By BRIDGET DANVER
This summer, the Office of Financial Aid welcomed its new director Timothy Saulnier.
Saulnier moved to Virginia three years ago and was previously the financial aid director at the private University of Lynchburg. He said that although UMW is a public university, its small size makes it operate almost as a private institution. “What privates usually say [is] they try to offer small class sizes [and] a community that everyone knows who you are,” he said.
He said that despite their similarities, the colleges differ in terms of funding allocation. “There’s actually a lot more support from the state at a public institution,” Saulnier said.“The VGAP funds specifically geared to help the neediest of students, and to help offset some of those costs. Obviously, those funds are not unlimited, so the state does not provide us enough to all their students that have that need. And so we have to try and utilize them to the best of our ability.”
The chief priority of the financial aid department is to ensure it is in compliance with all federal and state regulations. For instance, all educational institutions are required to offer some type of program in recognition of Constitution Day, an annual holiday that commemorates the signing of the U.S. Constitution which is celebrated on Sep. 17.
Saulnier said he will not rush into making any drastic changes to the Office of Financial Aid. “I like to come in and observe,” he said. “If there’s some things that I can quickly make a change that I feel would really be beneficial to the office or university, I would of course make them. But I don’t like to say ‘I’m definitely coming in and making changes,’ because we could be doing some things really well.”
Saulnier emphasized two components that contribute to the quality of support students receive in the fiscal area: community outreach and financial literacy. Currently, the university is reaching out to high schools and aiding prospective students in completing their FAFSAs. According to Saulnier, students go through three phases of financial literacy: the end of high school, which starts the process of deciding which college to attend, attending the chosen college, and lastly the post-graduation stage.
“One of the things that I usually like to point out when I do a financial literacy presentation is that the number one target of identity theft is actually 18 to 29 year olds,” Saulnier said.
“The reason is, A – they are a little bit more lax with their information, they’re not thinking of that privacy yet as well as they’re not in a daily job mindset. You’re going to college, you’re thinking about studying, preparing for your tests and you’re not thinking did you check your credit card, your bank, to make sure your identity hasn’t been stolen. And B – usually the other big thing is learning to budget. And then have realistic aspirations of what your career might be after you graduate.”
His advice to students? “Try to budget to make sure you’re not borrowing more than you really need once you get to where you’re going for your job.”
Colette Fralen, a sophomore majoring in historic preservation said, “I think financial aid should make you feel more confident in your decision to go to a school and it shouldn’t leave you worried thinking ‘how am I going to pay this off.’” She also said, demonstrating Saulnier’s three phases to financial literacy, “I’m satisfied right now because I don’t have to pay it off until after I graduate. But after I graduate I’m going to have to.”

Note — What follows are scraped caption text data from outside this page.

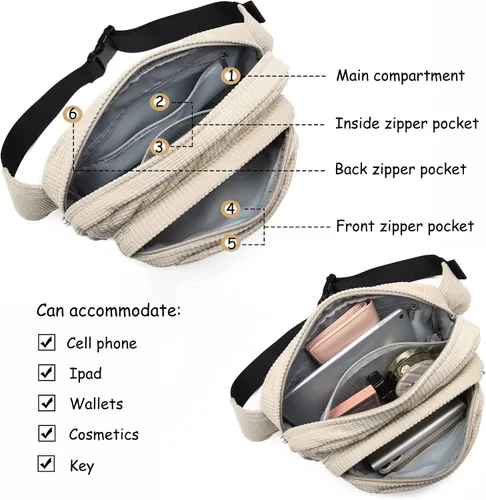 Vista 3 de Ibalulu Riñonera cruzada para mujer a la moda, bolsa para cinturón grande de 5 litros, bolso de pecho con correa ajustable, riñoneras de moda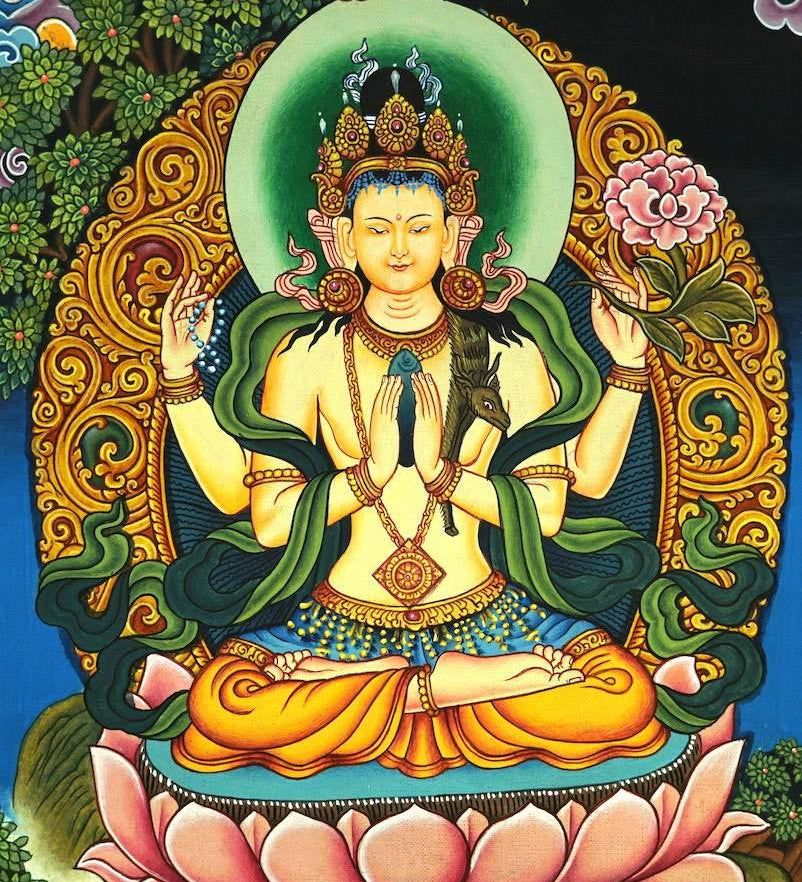 Newari Chenrezig Thangka - Himalayas Shop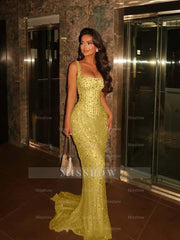 Spaghetti Strap Sleeveless Long Mermaid Formal Dress With Beading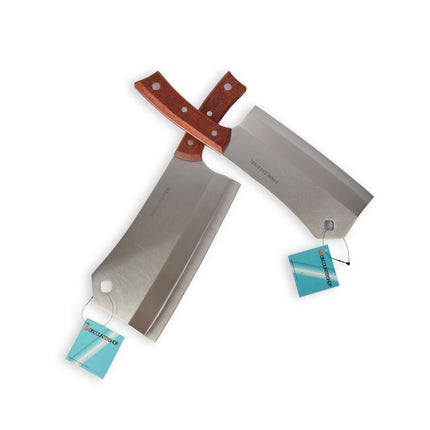 Hoogwaardig Hakmes Set - RVS en Hout - Zilver & Bruin - 2 Stuks - 859g - 33cmx10cm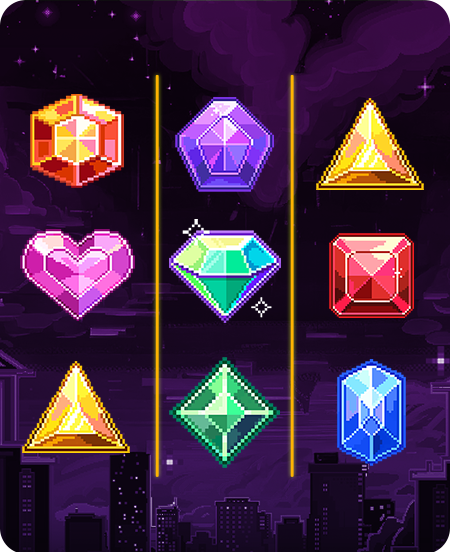 Símbolos do jogo Giga Match Gems.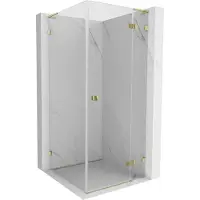 Mexen Lunar L Douchecabine rechtszijdig 80 x 80 , transparant, goud - 834L-080-080-50-00-P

Sophomore graphic design major Mya Bundy said, “There are some financial aid offers that offer more than others. And if the student needs more help in one area, like dining or book expenses then that should be really promoted.”
Josie Vernick, a sophomore majoring in international affairs said, “In spite of receiving scholarships and other relevant information from the Financial Aid Office throughout the year, I don’t have a whole lot of experience knowing the department and its resources, so information sessions might help with greater outreach to the student body and its understanding of how to navigate the financial aid processes.”
Saulnier wanted to convey to the UMW community that the wellbeing of students is his top priority.
“Usually when I come to a new institution, one of my goals is to evaluate, really start to engage with the community leaders from faculty, staff and students. And sort of get an understanding of who UMW is, and then really try to push those things about community engagement, financial literacy and create a welcoming environment that is helpful to students.”